For handbag lovers, purses are more than just dispensable material accessories. These are “babies” that need some well-deserved TLC. And if you’ve spent hundreds or thousands of dollars for your arm candies, these are also investments that require a little bit of upkeep.
Well-made designer bags typically last a very long time. However, neglect and carelessness can speed up their aging and can even completely ruin their beauty. If you want to make sure your favorite purses remain polished and pretty, follow our simple guideline below:
1. Take Care of the Material
The bag’s material or its exterior is the main part of the purse that will need the most attention and care.

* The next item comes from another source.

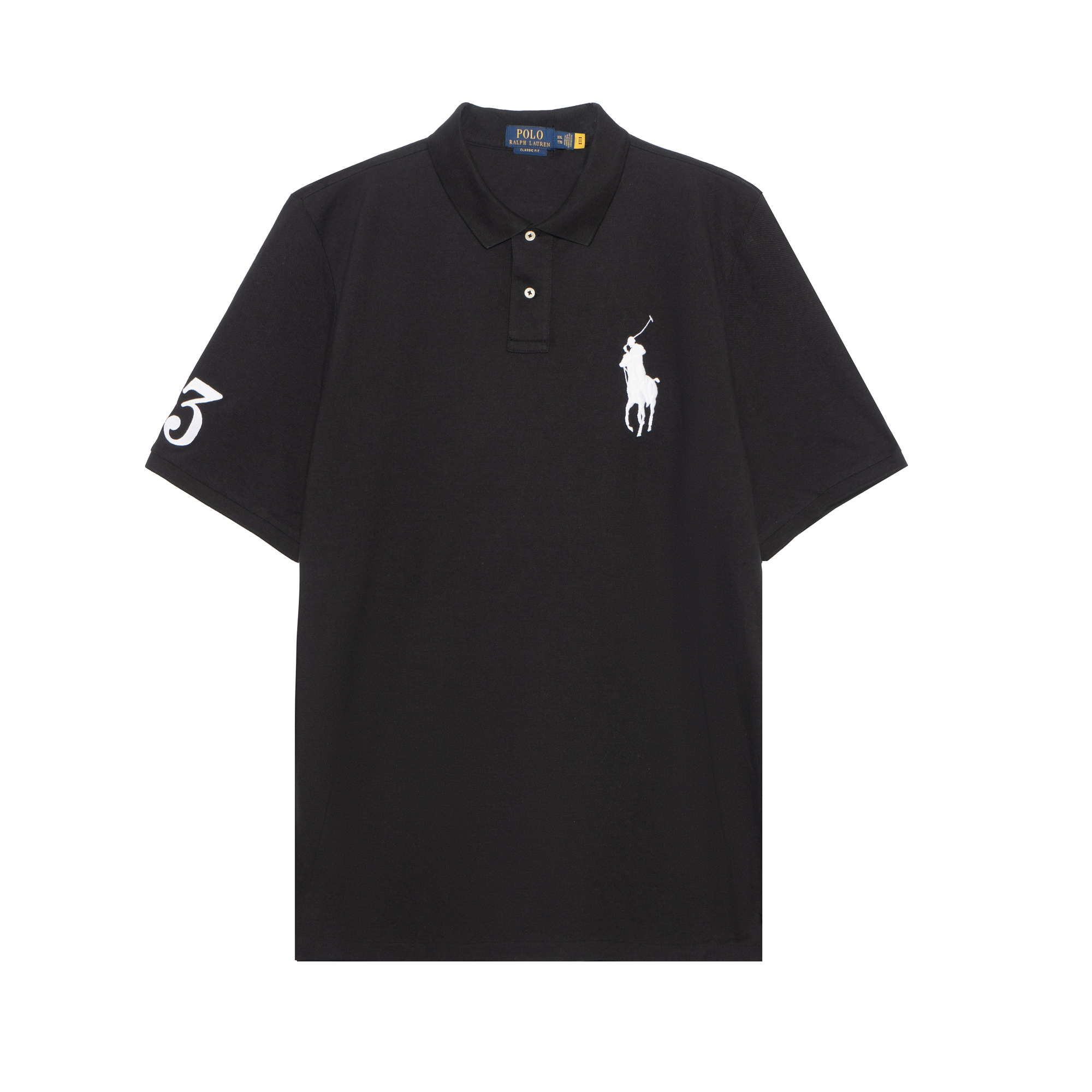 Buy Ralph Lauren SS22 Custom Slim Fit Embroidered Logo Polo Shirt Black 710697457-007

Whatever material it is made of (leather, suede, canvas, etc.), you will need to dedicate a little bit of time and effort for its maintenance.
For leather bags:
Leather handbags become even more gorgeous as they age. This aging effect, called ‘patina’, occurs naturally in genuine, high-quality leather. Just like our skin, leather needs to be moisturized to maintain that healthy luster. The most effective way to do this is through a three-step process that includes cleaning, moisturizing and waterproofing.

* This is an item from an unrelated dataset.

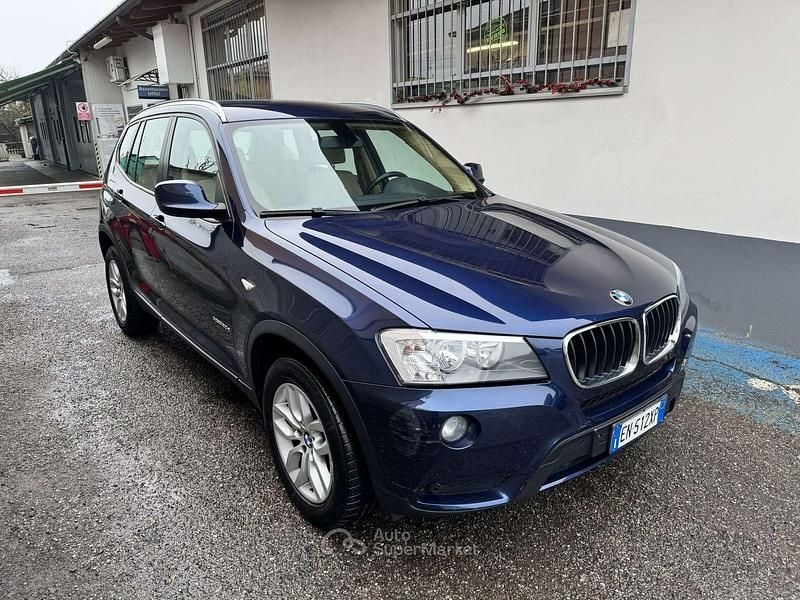Usata BMW X3 184 CV (135 kW) 2012 Blu/azzurro SUV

Here are some tips to keep your leather purses in tip-top condition:
● Before putting on a layer of topcoat or protective cream, make sure to clean your bag first. Dust and dirt must be wiped off with a clean cloth, otherwise they might get sealed in.
● Use a leather cream or oil that has both cleansing and moisturizing properties. Make sure to do a test application first to check that the product will not damage the bag. Choose a small spot that’s easily hidden, like on the bottom part of the purse. Most treatments can cause the leather to darken a little bit but this usually goes back to the original color after 24 hours. Leave the test spot overnight to dry and check to see if there is still discoloration the next day.

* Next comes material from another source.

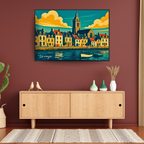 Affiche Le Croisic – Port breton et grand large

● As much as possible, choose creams with natural ingredients. Chemicals and refined oils can cause dryness, discoloration and can also break down the fibers of the leather, further damaging your handbag. Non-chemical polishers will bring out the leather’s natural beauty and restore its health. Some of the more popular leather cleaning/conditioning brands include Collonil and Apple brand (not to be confused with the giant tech brand).
● The initial coat of leather cream is typically left overnight to completely dry. This gives the leather’s pores enough time to absorb the product.
● After the leather has been cleaned and conditioned, the last step is to seal everything with a waterproofing spray, which also helps protects the leather from rain and other stain-causing elements.
For suede bags:
Suede bags are a lot more challenging to maintain. They are more susceptible to stains and discolorations compared to leather bags. But there are still some steps you can take to help keep your bag in pristine condition.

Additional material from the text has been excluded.